### В этом файле проверяется работа DARTS на простом классификаторе cifar-10
#### В один из слоёв классивикатора вставляется на выбор один из двух слоёв: `good_conv` - выбрав его, модель достигнет 86% accuracy, и `bad_conv` - потолок 75% accuracy
**Результаты можно посмотреть в tensorboard** (веса, даваемые  `good_conv` ожидаются больше весов `bad_conv`)

In [2]:
import torch
import torch.nn as nn
from torch.autograd import Variable
import numpy as np
import matplotlib.pyplot as plt
from tensorboardX import SummaryWriter
from torchsummary import summary

from dataloaders import get_loaders, get_test_loader
from utils import get_logger, AverageMeter, accuracy, check_tensor_in_list
from fbnet_training_functions_supernet import TrainerSupernet
from architect import Architect

class Flatten(nn.Module):
    def forward(self, input):
        return input.view(input.size(0), -1)

# Configs

In [4]:
CONFIG_ARCH = {
    'dataloading' : {
        'batch_size' : 1000,
        'path_to_save_data' : './cifar10_data/',
        'w_share_in_train' : 0.8,
    },
    'logging' : {
        'path_to_log_file' : './logs_darts/logger/',
        'path_to_tensorboard_logs' : './logs_darts/tf',
    },
    'optimizer' : {
        # SGD parameters for w
        'w_lr' : 0.1,
        'w_momentum' : 0.9,
        'w_weight_decay' : 1e-4,
        # Adam parameters for thetas
        'thetas_lr' : 0.01,
        'betas' : (0.5, 0.999),
        'thetas_weight_decay' : 1e-3,
    },
    'train_settings' : {
        'eta_min' : 0.005,
        'cnt_epochs' : 200, # 90
        'print_freq' : 50, # show logging information
        'path_to_save_model' : './logs_darts/best_model.pth',
        ## CosineAnnealingLR settings
        'eta_min' : 0.005,
    }
}

# Logger

In [5]:
manual_seed = 1
#np.random.seed(manual_seed)
torch.manual_seed(manual_seed)
torch.cuda.manual_seed_all(manual_seed)
torch.backends.cudnn.benchmark = True

logger = get_logger(CONFIG_ARCH['logging']['path_to_log_file'])
writer = SummaryWriter(log_dir=CONFIG_ARCH['logging']['path_to_tensorboard_logs'])

# Dataloader

In [6]:
train_w_loader, train_thetas_loader = get_loaders(CONFIG_ARCH['dataloading']['w_share_in_train'],
                                                  CONFIG_ARCH['dataloading']['batch_size'],
                                                  CONFIG_ARCH['dataloading']['path_to_save_data'],
                                                  logger)
# test_loader - валидация
test_loader = get_test_loader(CONFIG_ARCH['dataloading']['batch_size'],
                              CONFIG_ARCH['dataloading']['path_to_save_data'])

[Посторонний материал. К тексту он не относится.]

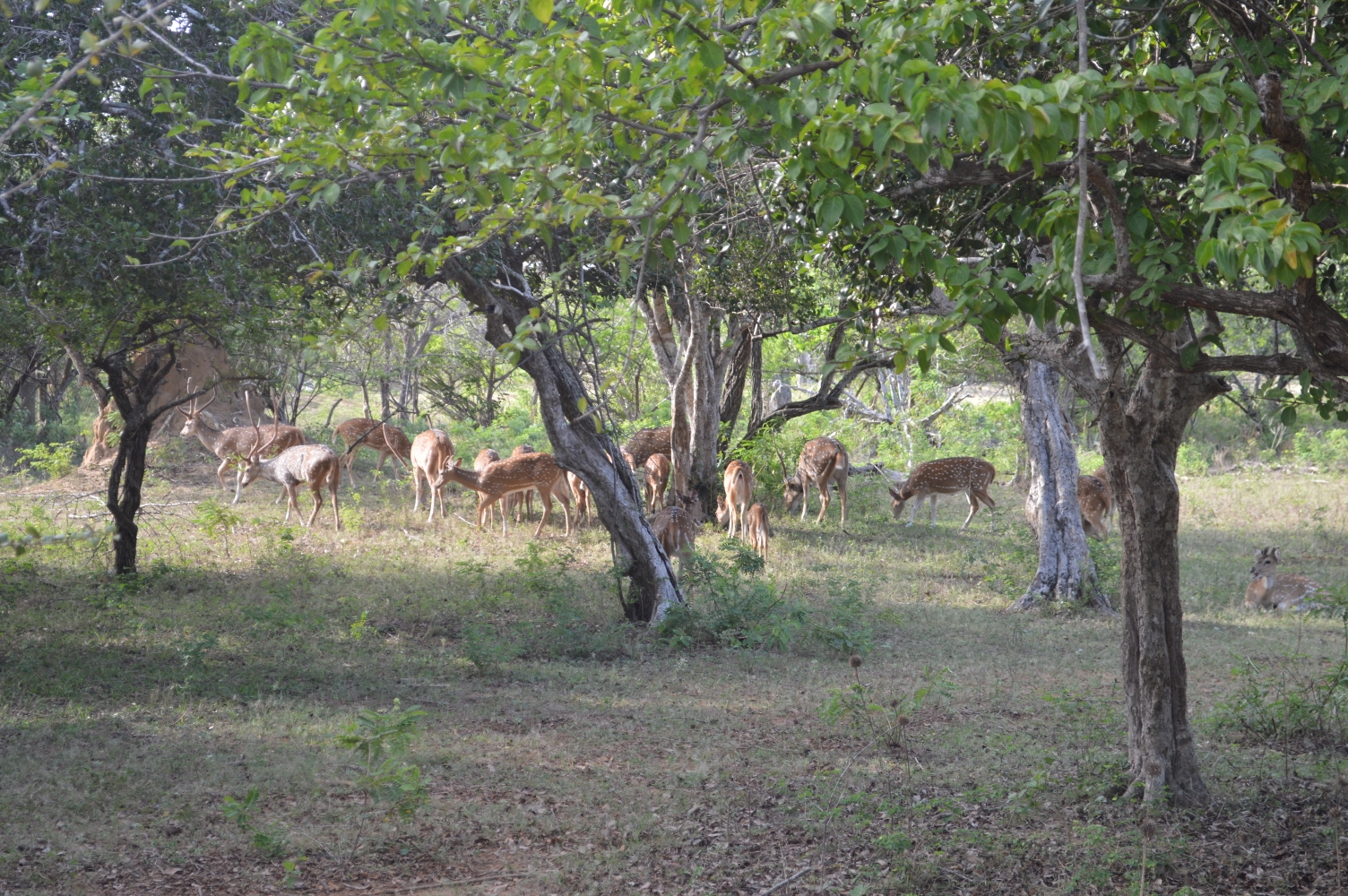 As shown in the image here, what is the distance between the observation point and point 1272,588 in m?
11.5

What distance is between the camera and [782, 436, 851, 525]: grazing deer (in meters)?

Files already downloaded and verified
Files already downloaded and verified


# Model

#### OPS - варианты для выбора
#### единственное требование: размерность входа и размерность выхода у них одинакова
#### (без этого не заработает)

In [7]:
PRIMITIVES = ['good_conv', 'bad_conv']

OPS = {
    'good_conv' : lambda C_in, C_out : nn.Sequential(
        nn.Conv2d(C_in, C_out, kernel_size=3, padding=1),
        nn.ReLU(),
        nn.MaxPool2d(2, 2),
    ),
    # спецаиально подобраный слой, сильно даунгрейдящий скор модели
    'bad_conv' : lambda C_in, C_out: nn.Sequential(
            nn.Conv2d(C_in, C_in, (2,1), padding=(1,0)),
            nn.Conv2d(C_in, C_in, (1,2), padding=(0,1)),
            nn.Conv2d(C_in, C_in, (2,1)),
            nn.Conv2d(C_in, C_in, (1,2)),
            nn.Conv2d(C_in, C_out, (1,1)),
            nn.ReLU(),
            nn.MaxPool2d(2, 2),
    )
}

class MixedOp(nn.Module):
    def __init__(self, C_in, C_out):
        super(MixedOp, self).__init__()
        ops_names = PRIMITIVES
        self.ops = nn.ModuleList([OPS[op_name](C_in, C_out) for op_name in ops_names])
        
        alphas_good = Variable(torch.Tensor([1.0 / len(ops_names)]).cuda(), requires_grad=True)
        alphas_bad  = Variable(torch.Tensor([1.0 / len(ops_names)]).cuda(), requires_grad=True)
        # Кривой DARTS-STYLE (но работает правильно). Для 1 GPU можно не вызывать register_buffer
        # Можно сделать Parameter с requared grad = false
        self.register_buffer("alphas_good", alphas_good)
        self.register_buffer("alphas_bad" , alphas_bad )
        
        self._arch_parameters = [self.alphas_good, self.alphas_bad]
        
    def forward(self, x):
        # m[0] - Кривой DARTS-STYLE (но работает правильно)
        # По-хорошему, надо переписать на нормальный список
        return sum(m[0] * op(x) for m, op in zip(self._arch_parameters, self.ops))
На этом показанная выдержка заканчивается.